Few among the population are actually involved in armed actions against Israel - the people of Rafah are already the poorest Palestinians in Gaza
But Israel's incursion into Rafah has brought about some of the deadliest fighting for a while.
Dozens of Palestinians have been killed. Hundreds made homeless. Electricity, water, telephone connections into Rafah have all been disrupted.
Rafah is a town of 127,000 people. Israel laid siege to it, and then went in against the "enemy".
And then, on Wednesday, the Israeli army decided to fire tank shells towards a crowd of protestors. To disperse the crowd.
Eight people were killed.
Pretty crude crowd control from what is one of the world's most technologically advanced armies.
Many Israelis are horrified at the deaths. "A big mistake" one said. Others knew how it would play around the world. Badly.
But ask them if they condemn the action and there's a mixed response.
Some say it's ridiculous that troops are even in Gaza, considering the prime minister's plans eventually to pull out. The army is risking the lives of soldiers for a strip of land Israel will one day leave.
Others say the army is trying to protect Israel. It's a difficult job, but it has to be done.
Rafah is becoming a more angry place as a result of the operation
There have been protest marches in Israel against what is happening in Gaza. And one Israeli cabinet minister from the second largest party in the coalition government has said Israel's presence in the area is no longer viable.
For the Palestinians of Rafah what the army is doing is collective punishment. Few among the population are actually involved in armed actions against Israel. The people of Rafah are already the poorest Palestinians in Gaza.
Now Israel is - in the name of security - heaping more misery on them.
The army says - while the military operation goes on - it's doing its best to ease what aid groups refer to as a growing humanitarian crisis.
But Rafah doesn't see it that way.
Nor does the world. The UN, the EU, even Israel's chief ally the US have criticised the Gaza action.
No large hauls
In the face of this criticism, can Israel continue its military operation in Gaza?
The short answer is "Yes". If it decides that for military reasons it is necessary.
The incursions have prompted widespread international criticism
Some commentators point out in the papers that the operation - despite assurances to the contrary by the army - appears to have been largely unsuccessful so far.
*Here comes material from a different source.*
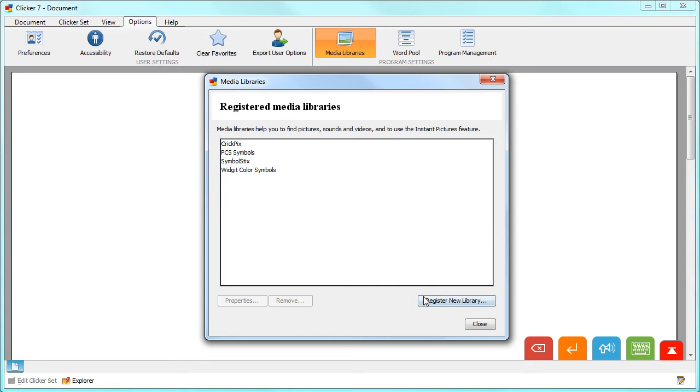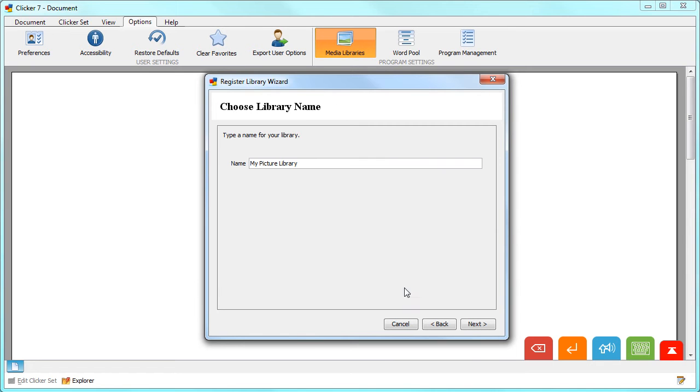To add a new one, click Register New Library. Give your library a name and click Next.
Just one smuggling tunnel is said to have been found. A handful of Palestinian militants have been "identified". There have been no large hauls of weapons caches.
There has been little gain, it seems, in return for an awful lot of death and destruction.
So if Israel is going to press on and complete its mission, many are wondering how many more will die? How long - the Palestinians ask - will the misery of life under siege in Rafah last?
This mission is supposed to make Israel a safer place.
We can only assume it is also making Rafah a more angry place. A more fertile breeding ground for militancy.
Some are now wondering whether that - in the long run - makes Israel a safer place.